§ **WORK TO BE COMPLETED**: State how many lines in the records below contain the word "Winter". Nothing else is needed.

§ **MATERIAL SUPPLIED**:

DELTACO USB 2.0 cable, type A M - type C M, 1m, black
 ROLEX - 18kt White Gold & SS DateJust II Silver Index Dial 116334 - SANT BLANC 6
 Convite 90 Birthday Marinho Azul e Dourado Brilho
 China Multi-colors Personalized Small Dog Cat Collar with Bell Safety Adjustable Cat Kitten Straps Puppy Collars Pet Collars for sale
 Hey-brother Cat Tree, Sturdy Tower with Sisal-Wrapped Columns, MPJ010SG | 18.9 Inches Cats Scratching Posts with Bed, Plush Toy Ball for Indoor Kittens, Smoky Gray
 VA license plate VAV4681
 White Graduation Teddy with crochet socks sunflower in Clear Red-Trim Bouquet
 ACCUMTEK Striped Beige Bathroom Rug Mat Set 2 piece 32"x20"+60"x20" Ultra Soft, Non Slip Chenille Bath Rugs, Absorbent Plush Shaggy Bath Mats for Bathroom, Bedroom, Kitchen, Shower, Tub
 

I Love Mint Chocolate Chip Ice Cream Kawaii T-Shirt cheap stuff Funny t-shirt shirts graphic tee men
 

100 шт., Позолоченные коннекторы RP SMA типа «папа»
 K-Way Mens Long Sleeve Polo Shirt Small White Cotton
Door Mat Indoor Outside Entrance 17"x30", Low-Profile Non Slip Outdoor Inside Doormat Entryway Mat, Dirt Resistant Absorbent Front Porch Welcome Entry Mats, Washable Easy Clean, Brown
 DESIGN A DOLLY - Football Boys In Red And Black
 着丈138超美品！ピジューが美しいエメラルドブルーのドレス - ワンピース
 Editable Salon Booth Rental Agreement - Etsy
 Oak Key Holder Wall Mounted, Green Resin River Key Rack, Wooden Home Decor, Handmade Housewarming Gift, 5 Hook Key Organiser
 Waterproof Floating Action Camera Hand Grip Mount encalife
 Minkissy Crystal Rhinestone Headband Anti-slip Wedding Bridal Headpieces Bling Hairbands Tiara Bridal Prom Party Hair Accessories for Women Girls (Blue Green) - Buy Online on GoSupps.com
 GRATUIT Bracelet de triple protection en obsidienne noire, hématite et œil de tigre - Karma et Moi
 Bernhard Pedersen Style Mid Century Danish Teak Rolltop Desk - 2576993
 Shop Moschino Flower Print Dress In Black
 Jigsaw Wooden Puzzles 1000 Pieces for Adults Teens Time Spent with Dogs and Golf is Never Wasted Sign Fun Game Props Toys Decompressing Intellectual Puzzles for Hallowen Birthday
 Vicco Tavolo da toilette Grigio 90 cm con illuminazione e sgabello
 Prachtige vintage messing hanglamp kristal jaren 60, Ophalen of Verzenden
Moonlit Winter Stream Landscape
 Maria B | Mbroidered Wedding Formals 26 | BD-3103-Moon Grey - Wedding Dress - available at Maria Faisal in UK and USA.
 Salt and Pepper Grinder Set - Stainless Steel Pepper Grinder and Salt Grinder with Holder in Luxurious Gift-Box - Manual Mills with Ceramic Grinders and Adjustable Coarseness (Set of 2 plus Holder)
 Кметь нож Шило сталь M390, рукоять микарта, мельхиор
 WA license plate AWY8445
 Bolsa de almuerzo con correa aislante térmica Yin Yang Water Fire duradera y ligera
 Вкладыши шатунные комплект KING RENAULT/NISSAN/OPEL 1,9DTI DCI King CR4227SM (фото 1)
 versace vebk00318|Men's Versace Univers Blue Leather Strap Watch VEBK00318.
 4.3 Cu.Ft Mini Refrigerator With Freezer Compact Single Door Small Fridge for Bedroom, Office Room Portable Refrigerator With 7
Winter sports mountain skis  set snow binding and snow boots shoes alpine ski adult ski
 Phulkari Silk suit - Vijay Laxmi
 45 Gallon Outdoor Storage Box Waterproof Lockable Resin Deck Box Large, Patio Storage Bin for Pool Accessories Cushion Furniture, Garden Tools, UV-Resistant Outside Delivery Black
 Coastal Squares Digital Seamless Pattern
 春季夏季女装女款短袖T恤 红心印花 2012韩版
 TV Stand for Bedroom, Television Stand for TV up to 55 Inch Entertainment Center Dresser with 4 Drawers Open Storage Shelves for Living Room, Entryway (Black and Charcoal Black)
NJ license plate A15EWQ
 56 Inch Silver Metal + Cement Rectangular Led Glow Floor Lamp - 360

§ **TASK RESULT**: 2